Premier Czech Petr Fiala powiedział w środę, że dzięki umowie międzyrządowej z 2022 roku jego kraj ma wystarczające gwarancje, że wydobycie węgla brunatnego w polskiej kopalni nie szkodzi środowisku.

Tusk stwierdził natomiast (zwracając się do premiera Morawieckiego - red.), że "są nadal drogi prawne, żeby naprawić wasz błąd. Turów może mieć poważne problemy, dlatego że podejmowaliście decyzje wadliwe prawnie. W kluczowych momentach w ogóle nie podejmowaliście decyzji i narażacie polską energetykę po raz kolejny na bardzo poważny cios". 

- Gdybym teraz był premierem, do takiej sytuacji w ogóle by nie doszło - stwierdził Tusk. To właśnie te ostatnie słowa lidera Platformy wywołały największe poruszenie nie tylko wśród polityków i komentujących, ale także wśród samych związkowców. 

Przypomnijmy, że jeszcze w 2019 roku Donald Tusk twierdził, że "spowalnianie procesu odchodzenia od węgla oznacza śmierć kolejnych tysięcy polskich dzieci". Mimo iż rząd ZP od początku podkreślał, że transformacja energetyczna musi być sprawiedliwa. 

NSZZ "Solidarność" nie widzi dziś w Tusku partnera do poważnych rozmów. Były premier jest bowiem dla działaczy kompletnie niewiarygodny. - Pamiętam sprzed kilku lat, jak spotykaliśmy się z panem Donaldem Tuskiem przez kilka, kilkanaście miesięcy, kiedy był on jeszcze premierem. Panowała wtedy trudna sytuacja w górnictwie, próbowaliśmy negocjować w tej sprawie, a pan Tusk po kilku miesiącach wystawił nas do wiatru.
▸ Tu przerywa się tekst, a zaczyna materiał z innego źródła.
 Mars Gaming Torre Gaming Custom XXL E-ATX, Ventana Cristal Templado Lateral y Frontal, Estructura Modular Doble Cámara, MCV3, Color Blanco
My zostaliśmy z tymi negocjacjami jak Himilsbach z angielskim, a pan Tusk pojechał sobie do Brukseli objąć ważne stanowisko – stwierdził przewodniczący związkowego Krajowego Sekretariatu Górnictwa i Energetyki Jarosław Grzesik. Tusk jest dla nas osobą niewiarygodną - dodał.